Eli went to school prepared for a bad time. Ortho had not run away for nothing; he was no bulldog for unprofitable endurance—lessons had been irksome, no doubt—but he should have been in his element among a horde of boys. He liked having plenty of his own kind about him and naturally dominated them. He had won over the surly Gwithian farm boys with ease; the turbulent Monks Cove fisher lads looked to him as chief, and even those wild hawks, the young Hernes, followed him unquestioning into all sorts of mischief. Yet Ortho had fled school as from torment.
If the brilliant and popular brother had come to grief how much more trouble was in store for him, the dullard? Eli set his jaw. Come what might, he would see it through; he would stick at school, willy-nilly, until he got what he wanted out of it, namely the three R’s. It had been suddenly borne in on Eli that education had its uses.
Chance had taken him to the neighboring farm of Roswarva, which bounded Polmenna moors on the west. There was a new farmer in possession, a widower by the name of Penaluna, come from the north of the Duchy with a thirteen-year daughter, an inarticulate child, leggy as a foal.

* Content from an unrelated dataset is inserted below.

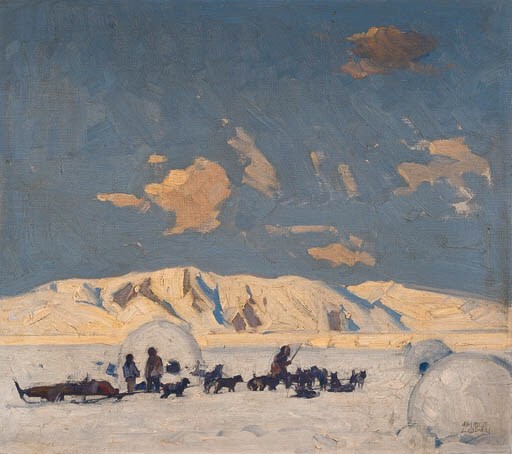 Maurice Logan (1886-1977)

Eli, scrambling about the Luddra Head, had discovered an otter’s holt, and then and there lit a smoke fire to test if the tenant were at home or not. The otter was at home and came out with a rush. Eli attempted to tail it, but his foot slipped on the dry thrift and he sprawled on top of the beast, which bit him in three places. He managed to drop a stone on it as it slid away over the rocks, but he could hardly walk. Penaluna met him limping across a field dragging his victim by the tail, and took him to Roswarva to have his wounds tied up.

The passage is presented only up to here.